The upside is that now the mechanism is extensible, without modifying the original function:

final class Thunk[A](val run: () => A)

object Thunk {
  // Extending our logic with a new data type
  implicit def canGuarantee[A]: CanGuarantee[Thunk[A]] =
    new CanGuarantee[Thunk[A]] {
      def guarantee(f: => Thunk[A])(finalizer: => Unit): Thunk[A] =
        new Thunk(() => {
          try f.run() finally finalizer
        })
    }
}

The problem with defaults

What happens in case you don't define CanGuarantee[Thunk[A]]?

guarantee {
  new Thunk { () =>
    println("Calculating!")
    1 + 1
  }
} {
  println("Done!")
}

The syncInstance that we defined above is incorrect for Thunk. This means that we can introduce silent bugs. What should happen here?

import java.util.concurrent.CompletableFuture

guarantee {
  CompletableFuture.runAsync { () =>
    println("Running!")
  }
} {
  println("Done!")
}
//=> Done!
//=> Running!

This is a bug waiting to happen.

Therefore one can make the case that the default instance, if it doesn't have the intended behavior for all data types, should not exist.

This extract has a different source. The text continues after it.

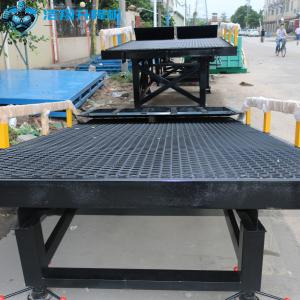10T-10M Customized Black Segmented Portable Loading Docks Hydraulic Dock Ramp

But you can still provide a helper for creating one:

import scala.annotation.implicitNotFound

@implicitNotFound("""Cannot find implicit value for CanGuarantee[${R}].
If this value is synchronously calculated via an effectful function,
then use CanGuarantee.synchronous to create one.""")
trait CanGuarantee[R] {
  def guarantee(f: => R)(finalizer: => Unit): R
}

object CanGuarantee {
  // No longer implicit
  def synchronous[R]: CanGuarantee[R] =
    new CanGuarantee[R] {
      def guarantee(f: => R)(finalizer: => Unit): R =
        try f finally finalizer
    }

  // Future instance
  implicit def futureInstance[A]: CanGuarantee[Future[A]] =
    new CanGuarantee[Future[A]] {
      def guarantee(f: => Future[A])(finalizer: => Unit): Future[A] =
        Future(f).flatten.transform { r =>
          finalizer
          r
        }
    }
}

Notice the usage of Scala's @implicitNotFound annotation for providing a nice error message.

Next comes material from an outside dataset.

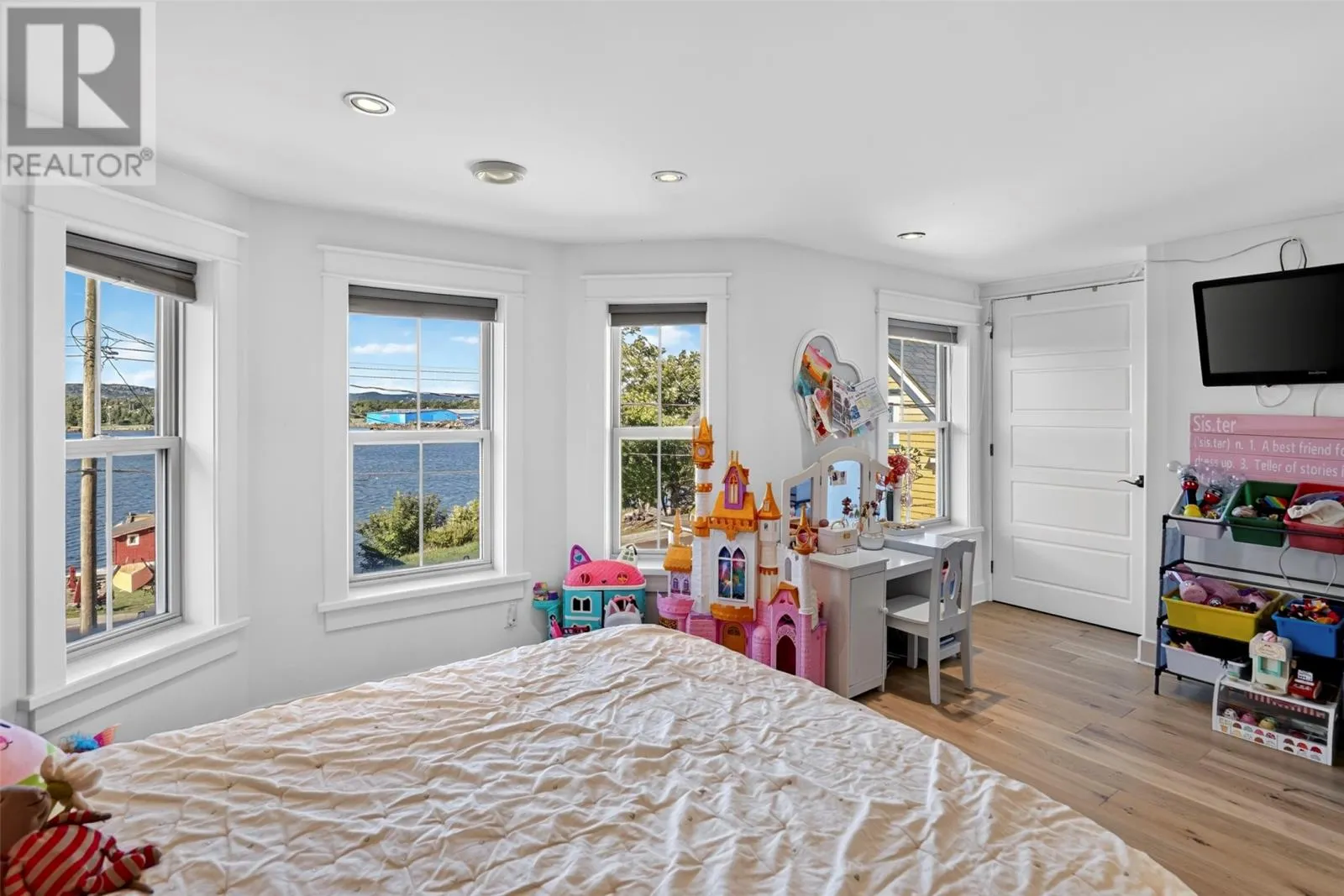 108 George Mercer Drive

Let's see what happens now when we try running the CompletableFuture code again:

error: Cannot find implicit value for CanGuarantee[CompletableFuture[Void]].
If this value is synchronously calculated via an effectful function,
then use CanGuarantee.synchronous to create one.

That's better. This now goes for Unit as well:

scala> guarantee { println("Executing!") } { println("Done!") }

error: Cannot find implicit value for CanGuarantee[Unit].
If this value is synchronously calculated via an effectful function,
then use CanGuarantee.synchronous[Unit] to create one.
       guarantee { println("Executing!") } { println("Done!") }
                                           ^

If you want to work with Unit, you have to create an instance for it, but notice how the error message tells you exactly what to do:

implicit val ev = CanGuarantee.synchronous[Unit]

guarantee { println("Executing!") } { println("Done!") }

In conclusion

Friends don't let friends use isInstanceOf checks, because Scala has better ways of handling the related use cases.